BooksForKidsBlog

Thursday, September 02, 2010

Man the Boats! Mr. Putter and Tabby Clear the Decks by Cynthia Rylant

IT WAS SUMMER, AND MR. PUTTER AND HIS FINE CAT TABBY WERE ITCHY. THEY WERE NOT ITCHY BECAUSE OF FLEAS. THEY WERE ITCHY BECAUSE THEY WERE BORED.

THEY NEEDED SOME ADVENTURE. AND MR. PUTTER ALWAYS KNEW WHERE ADVENTURE WAS.

IT WAS NEXT DOOR.

Mr. Putter and Tabby don't mind being old; they actually like their staid routine of morning tea and afternoon naps in the shade. But they are out of orangesicles, and both of them have a case of the late summer blahs. But when these senior citizens need novelty, Mr. Putter always seems to find it with his neighbor Mrs. Teaberry and her good dog Zeke. That pair definitely understands that variety is the spice of life.
THEY TOOK ADVENTUROUS CLASSES, LIKE DIVING.

THEY ATE ADVENTUROUS FOOD, LIKE SQUID.

This time Mrs. Teaberry intuits that her friends need a radical change of scene and a breath of fresh air. It's down to the sea in ships for the four of them for a sightseeing voyage on the (appropriately-named) two-master The Olden Days, And the day trip is just what the doctor ordered.
THE WIND BLEW IN THEIR FACES.

THEY FELT FREE.

FREE!

"FREE ORANGESICLES!" CALLED THE CAPTAIN.

But when it's time to disembark, Zeke refuses to follow. He clamps his bulldog jaws around the main-mast and won't budge. Mrs. Teaberry is flummoxed.

But the Captain has more up his sleeve than orangesicles. He pulls a dog toy from his pocket--a toy boat! Zeke accepts the deal and relinquishes his grip on the mast.

Back home the adventurers savor the memories of their adventure in their own ways. Mr. Putter and Tabby dream in the hammock; Mrs. Teaberry meditates in a bubble bath. And Zeke?

Zeke takes his beloved boat for a sail in his water dish.

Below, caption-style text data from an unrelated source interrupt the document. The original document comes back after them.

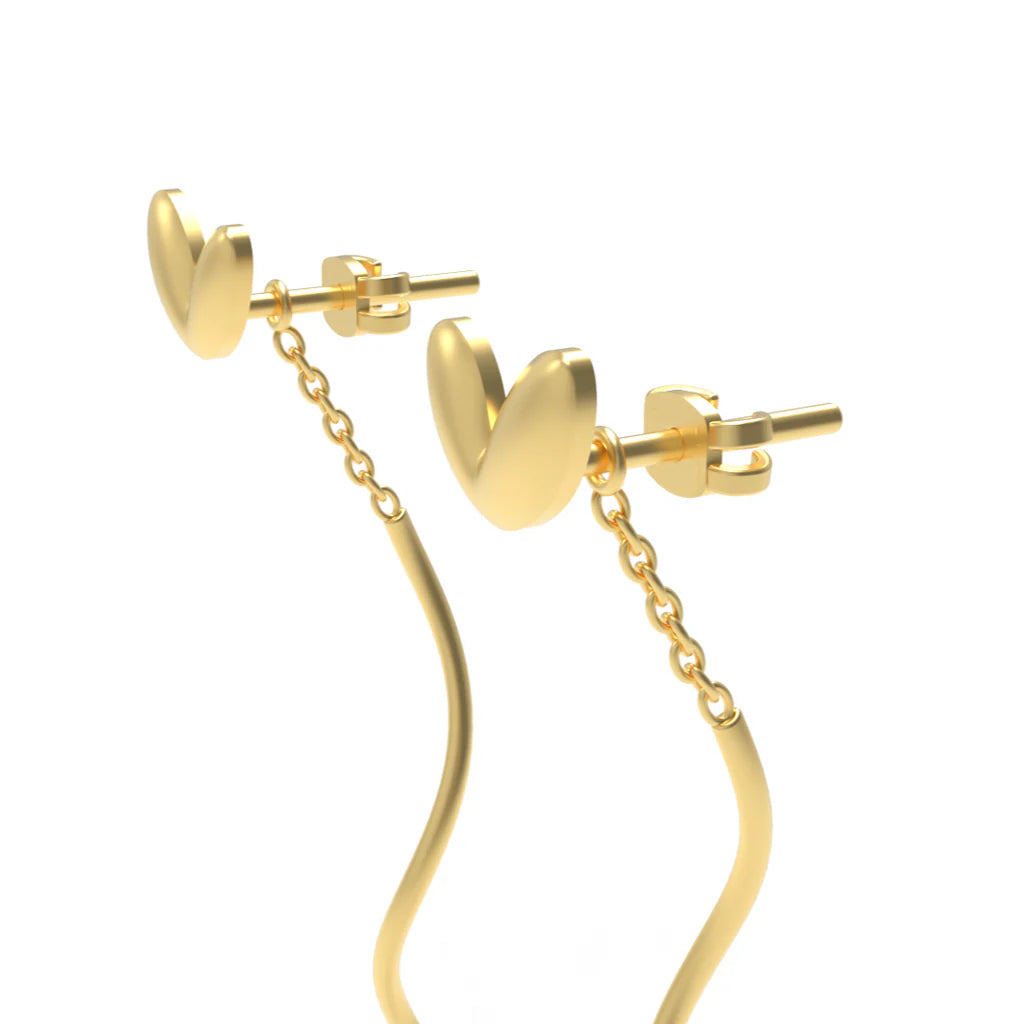 Silver Gold Heart chain Earring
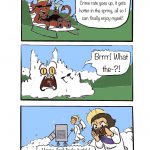 Prayful Pranks a cartoon by Evelyn Hawkey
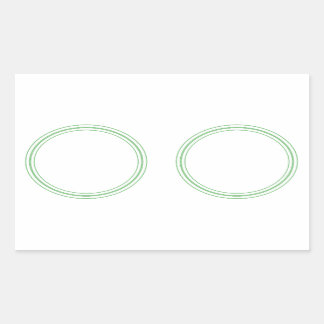 丸いプレーンのステッ縁どク付き- Greetings Lables 長方形シール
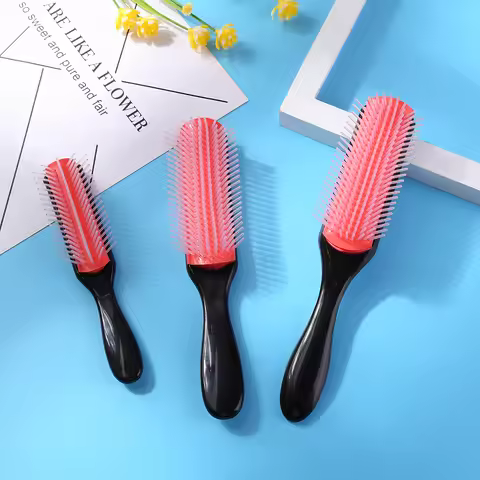 9-Rows Detangling Hair Brush Denman Detangler Hairbrush Scalp Massager Straight Curly Wet Removable 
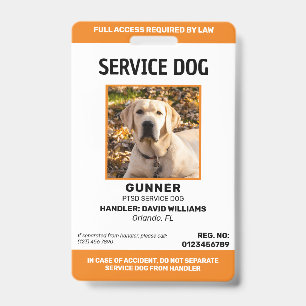 Personalised Orange White Service Dog Photo Badge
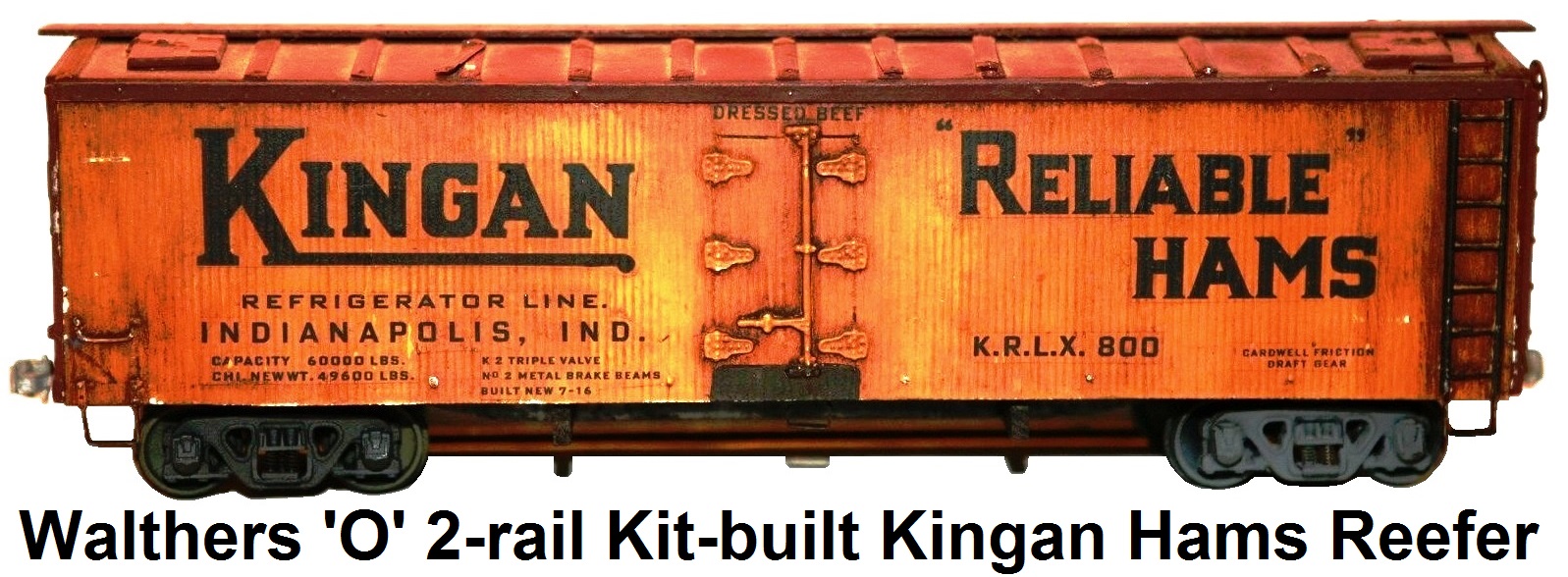 Walthers 'O' scale 2-rail Kit-built Kingan Reliable Hams Reefer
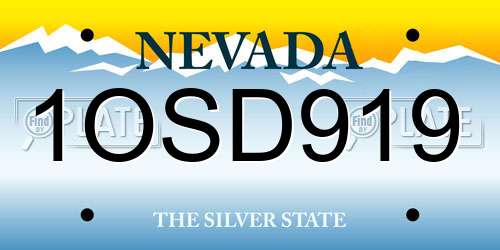 1OSD919 Nevada License Plate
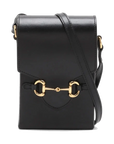 Pre-Loved 1955 Horsebit Crossbody Bag Leather Mini with Gold Hardware, Black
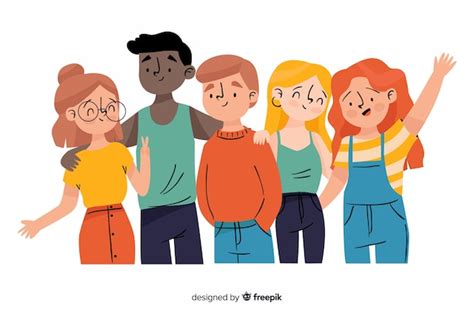 Free Vector | Group of young people posing for a photo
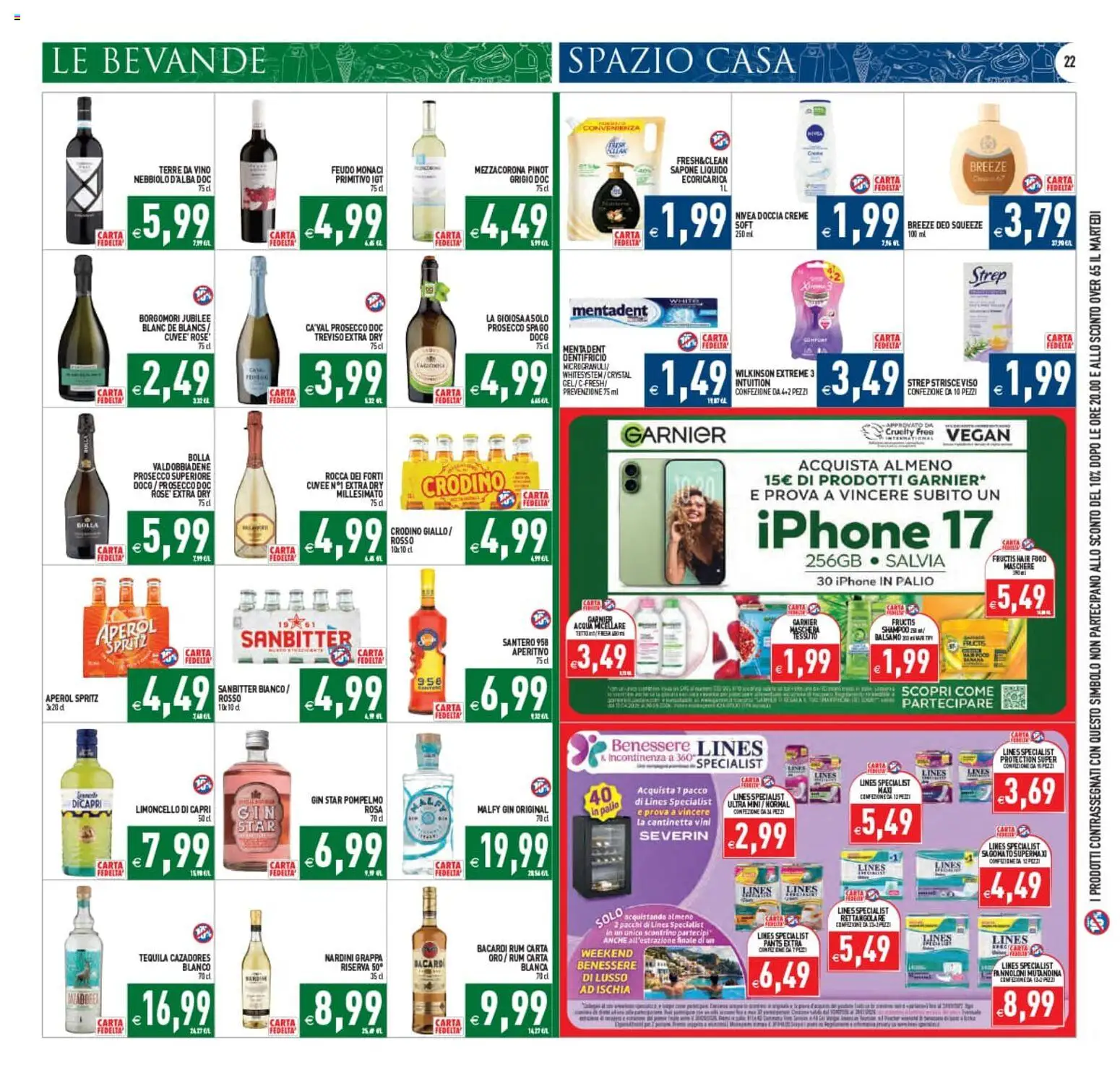 Volantino PIM Supermercati del 10.06.2026 | Pagina: 22 | Prodotti: Acqua micellare, Tequila, Aperol, Doccia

Cynthia Rylant's nineteenth entry in her beginning reader Mr. Putter and Tabby series, the soon-to-be published Mr. Putter & Tabby Clear the Decks (Harcourt/Houghton Mifflin, 2010), is rich with her cozy, droll humor wedded to the indispensable comic illustrations of Arthur Howard (see his hilarious Bubba and Beau books). Rylant's vividly-drawn, young-at-heart characters, with all their joie de vivre intact, are still going strong.

For more of multiple-award-winning Rylant's beginning reader books, don't forget her other notable series, the Henry and Mudge books and the spinoff stories of Henry's cousin Annie in her Annie and Snowball series.